WORK TO BE COMPLETED:
Leave out the pictures and repeat exactly the lines from the one containing "Attica Raw Modern" through the end of the records.

━━━━━━━━

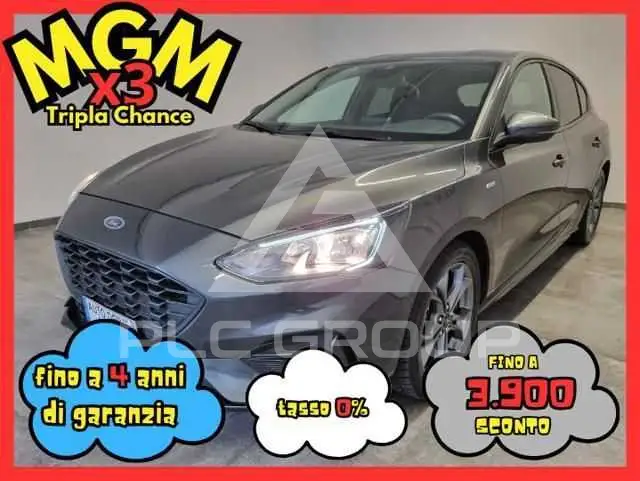 2019 Ford FOCUS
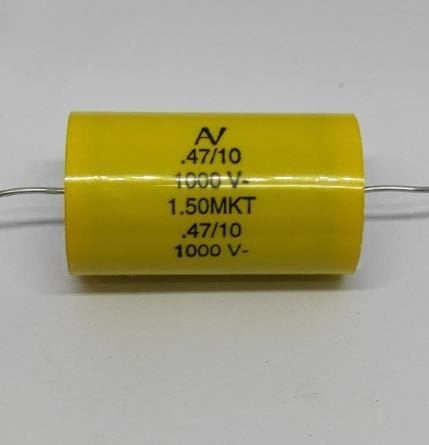 470NF 1000V AXİAL POLYESTER KONDANSATÖR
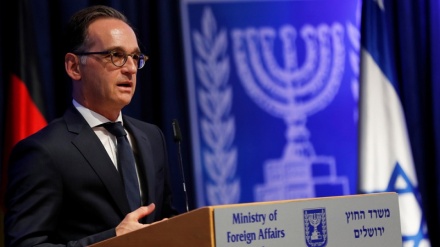 EU concerned over Israel’s annexation plan in West Bank, German FM says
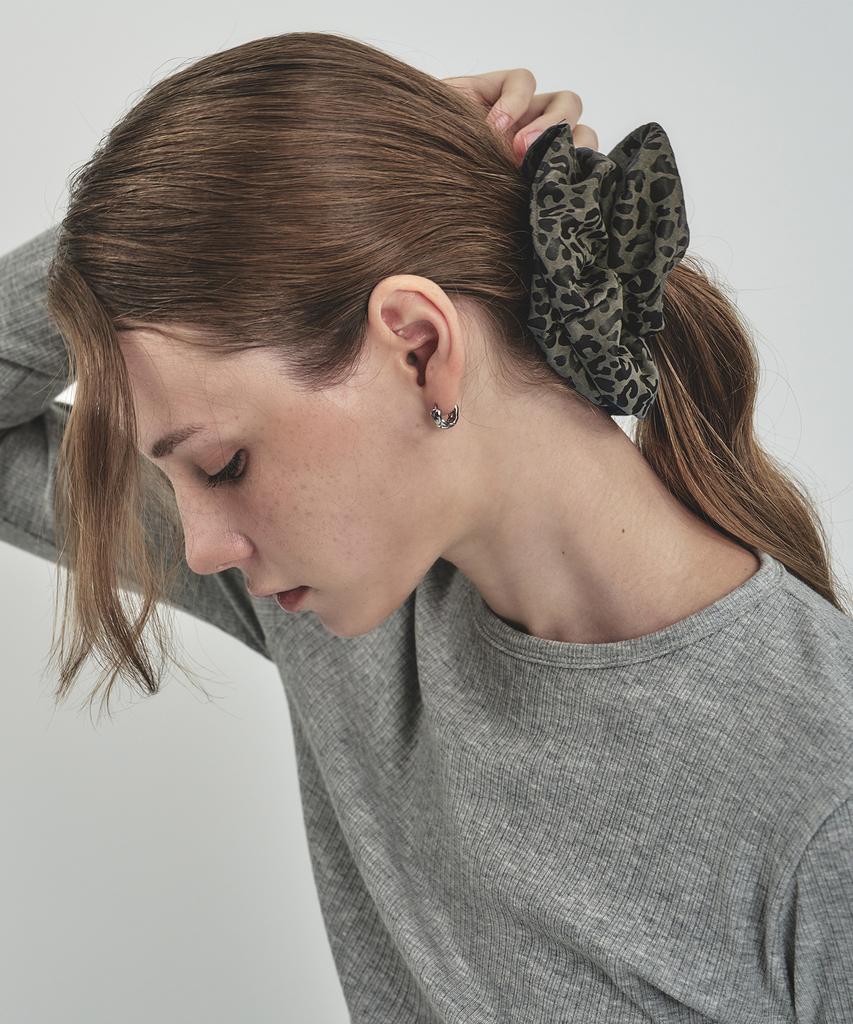 Attica Raw Modern Leo Scrunchie (Select 1 Of 2) / Hte002 Htg002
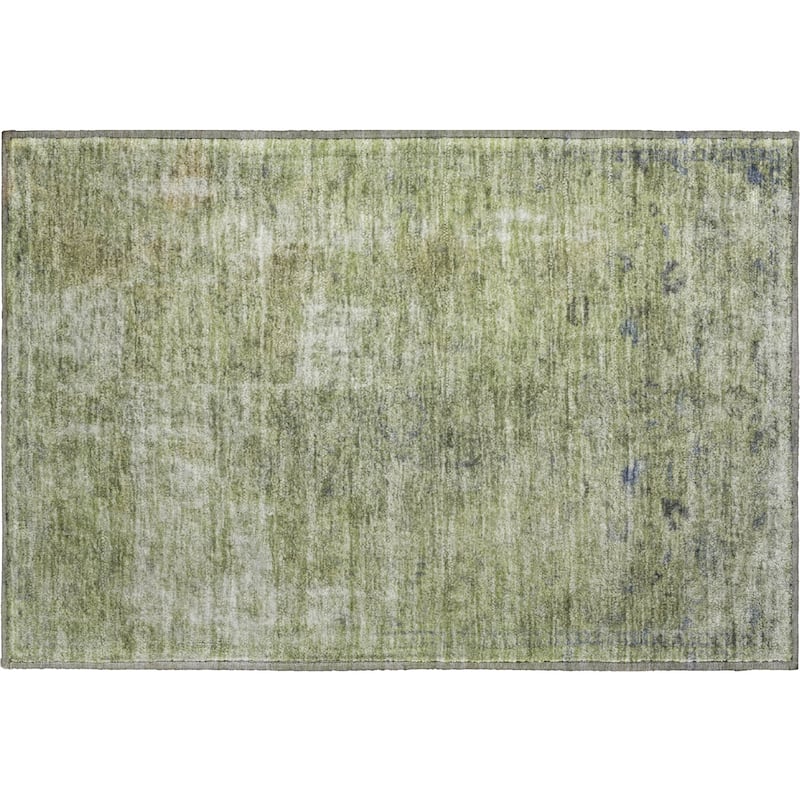 Premium Washable Super Soft Vintage Traditional Mayfield Rug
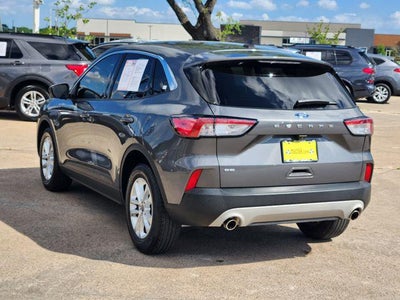2022 Ford Escape SE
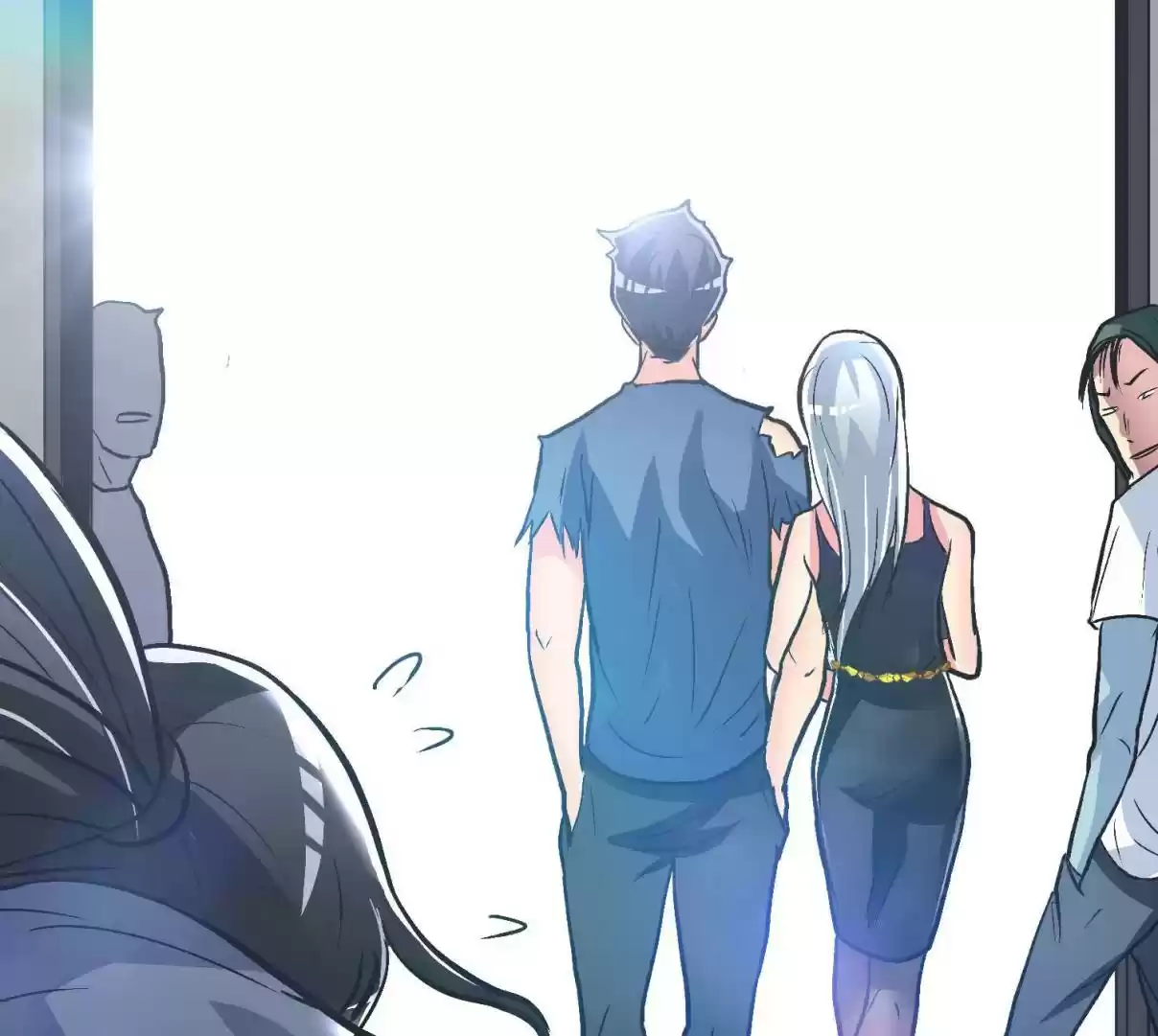 Xianzun System in the City Ch. 34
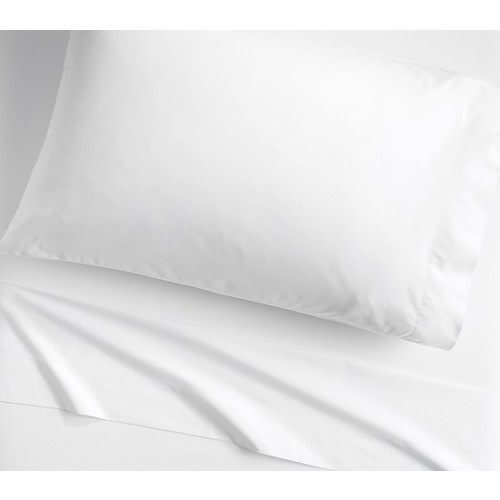 Organic Cotton Toddler Sheet Set| Toddler Bedding | Pottery Barn Kids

━━━━━━━━

TASK ANSWER:
 Attica Raw Modern Leo Scrunchie (Select 1 Of 2) / Hte002 Htg002
 Premium Washable Super Soft Vintage Traditional Mayfield Rug
2022 Ford Escape SE
 Xianzun System in the City Ch. 34
 Organic Cotton Toddler Sheet Set| Toddler Bedding | Pottery Barn Kids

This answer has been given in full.